Lei non è chi Clarke vuole ferire. Nel profondo, sotto i pezzi di lei che sono stati fatti a brandelli che non potranno mai essere ricuciti insieme, lei lo sa.

Perché il coltello è ancora nella sua mano?
Perché la potente Heda non sta nemmeno provando a disarmarla?
È ancora peggio quando Lexa si sporge verso la lama, offrendosi alla minaccia.

Clarke afferra il manico e la spinge all'indietro, odia se stessa per sperare che non abbia ferito la sua pelle.

«Reagisci!» dice, esile e disperata.
«Lo sto facendo.»
Lexa la fissa, il mento alto e la sua voce è ruvida a causa della forza esercitata sulla sua trachea.

Un'altra parte nascosta di Clarke viene strappata via a quel suono, alla realizzazione che dovunque lei vada, il dolore segua le sue tracce.

«No, non lo stai facendo.»
Lei sposta il suo peso, indietreggiando di un centimetro, pregando Lexa di intervenire, di forzare la lama dalle sue mani e di spazzare le sue gambe dal terreno. Che sollievo sarebbe essere scaraventata sul pavimento freddo e duro.

«Non tutte le armi possono essere viste, Clarke.»
La speranza divampa nel suo petto per un istante, al pensiero che forse c'è stato un coltello puntato tra le sue costole per tutto questo tempo. Ma quando finalmente incontra gli occhi di Lexa, nota che sono bagnati e la colpisce il fatto che stanno combattendo due battaglie del tutto distinte.

Le sue ginocchia cedono e lei cade a terra, insieme a lei cade anche il pugnale rumoroso sul pavimento.
C'è un singhiozzo asciutto che si forma nel suo petto e lei lo tiene lì, godendo della sua stessa debolezza.

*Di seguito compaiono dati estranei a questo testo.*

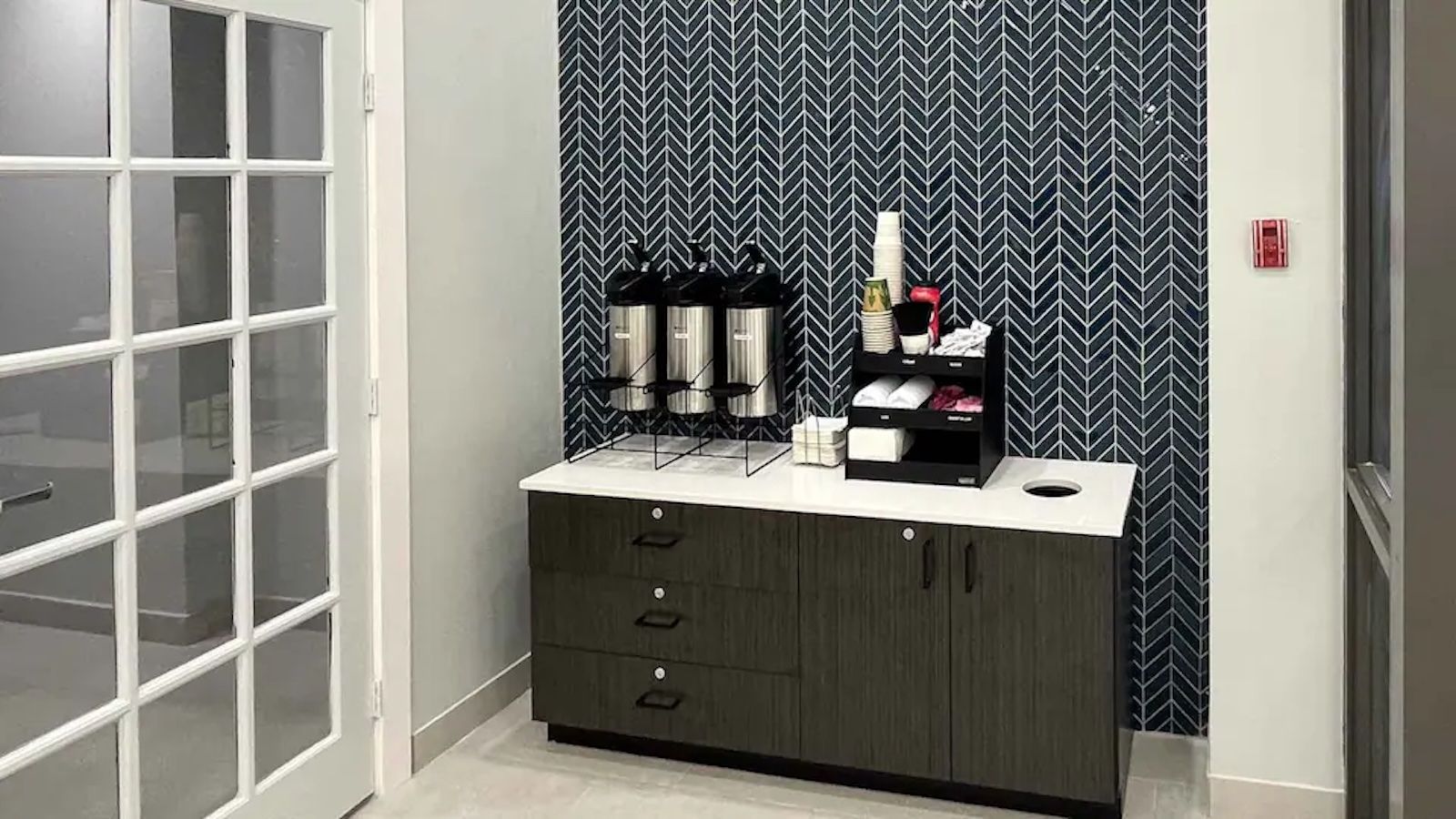 Une chambre dotée d’un mini-bar, d’une porte avec des panneaux en verre dépoli et d’un papier peint à motifs.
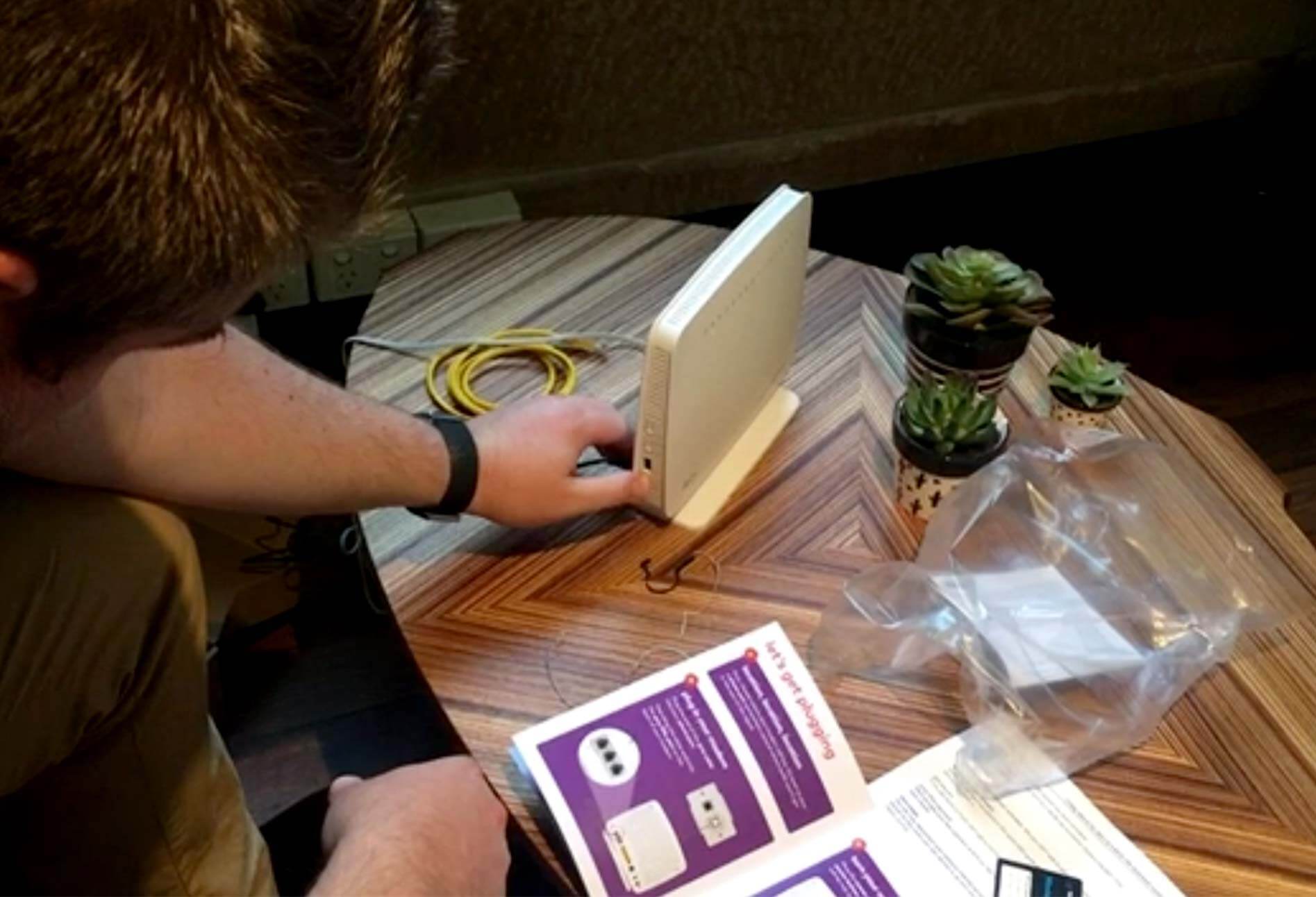 Image of a man trying to set up a modem on a table with cables on a table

Lexa s'inginocchia accanto a lei, le mani posate sulle sue cosce. Ne solleva una di un centimetro, prima di piegare le sue dita in un pugno e riportarla indietro. Restano in quella posizione per alcuni momenti, Clarke piegata in due in agonia mentre la causa del suo tormento è la silenziosa presenza al suo fianco.

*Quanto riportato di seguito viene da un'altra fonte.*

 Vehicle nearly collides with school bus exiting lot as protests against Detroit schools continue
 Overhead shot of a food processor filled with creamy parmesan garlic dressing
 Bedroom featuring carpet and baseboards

Inizia orrendamente a diventare confortante.
«Ho bisogno di odiarti» sussurraClarke, mantenendo lo sguardo sulle mani di Lexa. «Tutto ciò che ho fatto, dev'essere colpa tua.» La sua voce si spezza e le nocche di Lexa sbiancano.
«Altrimenti, come posso vivere con me stessa?»

Fuori dal suo perimetro, Clarke vede Lexa abbassare la testa in un debole cenno. Poi Lexa rilassa le sue dita e pressa il palmo sul pavimento, a qualche centimetro di distanza dal ginocchio di Clarke.

Ci sono tracce di sporco sotto le sue unghie e alcune cuticole sanguinano, proprio come le sue.
Clarke non vuole farlo, ma la sua mano sinistra scivola in avanti e atterra con un morbido tonfo sui mattoni. I loro mignoli quasi si toccano.

«Mi odio abbastanza per entrambe.» disse Lexa emettendo un respiro tremante.